Tuesday, February 1, 2011

The Safety of HIT-Assisted Care

I was recently asked by an Institute of Medicine committee to comment about the impact of healthcare information technologies (HIT) on patient safety and how to maximize the safety of HIT-assisted care.

"HIT-assisted care" means health care and services that incorporate and take advantage of health information technologies and health information exchange for the purpose of improving the processes and outcomes of health care services. HIT-assisted care includes care supported by and involving: EHRs, clinical decision support, computerized provider order entry, health information exchange, patient engagement technologies, and other health information technology used in clinical care.

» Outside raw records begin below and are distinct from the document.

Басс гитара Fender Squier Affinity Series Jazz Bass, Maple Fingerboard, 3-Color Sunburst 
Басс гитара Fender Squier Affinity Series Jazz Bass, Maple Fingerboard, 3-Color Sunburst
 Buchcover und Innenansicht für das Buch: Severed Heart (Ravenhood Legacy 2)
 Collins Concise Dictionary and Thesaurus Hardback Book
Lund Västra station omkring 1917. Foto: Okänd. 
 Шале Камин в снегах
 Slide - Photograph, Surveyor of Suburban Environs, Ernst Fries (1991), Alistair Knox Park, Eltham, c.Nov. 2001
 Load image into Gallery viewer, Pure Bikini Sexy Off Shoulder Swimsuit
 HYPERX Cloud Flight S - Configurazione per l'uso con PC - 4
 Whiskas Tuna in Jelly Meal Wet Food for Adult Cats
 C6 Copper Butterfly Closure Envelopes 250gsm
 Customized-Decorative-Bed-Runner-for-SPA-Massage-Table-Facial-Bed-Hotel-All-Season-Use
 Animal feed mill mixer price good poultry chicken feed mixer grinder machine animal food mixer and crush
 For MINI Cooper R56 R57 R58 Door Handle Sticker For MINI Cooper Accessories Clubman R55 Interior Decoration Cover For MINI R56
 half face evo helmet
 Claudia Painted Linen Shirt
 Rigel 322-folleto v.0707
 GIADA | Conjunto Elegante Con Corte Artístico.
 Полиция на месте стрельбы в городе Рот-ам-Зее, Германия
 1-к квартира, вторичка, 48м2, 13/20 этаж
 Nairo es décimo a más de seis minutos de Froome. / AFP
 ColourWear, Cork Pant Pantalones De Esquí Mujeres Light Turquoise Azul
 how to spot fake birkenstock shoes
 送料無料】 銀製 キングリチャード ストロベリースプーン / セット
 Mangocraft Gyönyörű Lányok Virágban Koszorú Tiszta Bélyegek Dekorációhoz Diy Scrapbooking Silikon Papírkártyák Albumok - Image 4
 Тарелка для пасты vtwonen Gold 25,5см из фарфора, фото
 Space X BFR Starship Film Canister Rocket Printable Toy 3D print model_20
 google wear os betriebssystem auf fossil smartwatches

There are two separate questions:
1. What technologies, properly used, improve safety?
2. Given that automation can introduce new types of errors, what can be done to ensure that HIT itself is safe?

To explore these topics, let's take a look at Health Information Exchange (HIE).  What HIE technologies improve safety and how can we ensure the technologies are safe to use?

At Beth Israel Deaconess Medical Center we exchange many types of data for care coordination, patient engagement, and population health.   Below is a detailed summary of the HIE transactions implemented in our recently certified hospital systems.

Most of these transactions are sent via the New England Healthcare Exchange Network (NEHEN)  using AES256 and SHA-1 to encrypt and hash data, ensuring the privacy and integrity of information shared among payers, providers, patients, and government in Massachusetts.

1.  Patient Summary Exchange for Transitions of Care
We produce a Continuity of Care Document for each patient handoff i.e. from inpatient, ED and outpatient (coming soon)  to home, skilled nursing facilities, or other hospitals.   The CCD includes

Problems
Procedures
Medications
Allergies and Adverse Reactions
Results
Encounters

Safety is improved by ensuring each provider has a complete problem list, medication list, allergy list, and recent results.    Such a document is useful for medication reconciliation, drug/drug and drug/allergy decision support, and managing the entire patient by understanding all active problems.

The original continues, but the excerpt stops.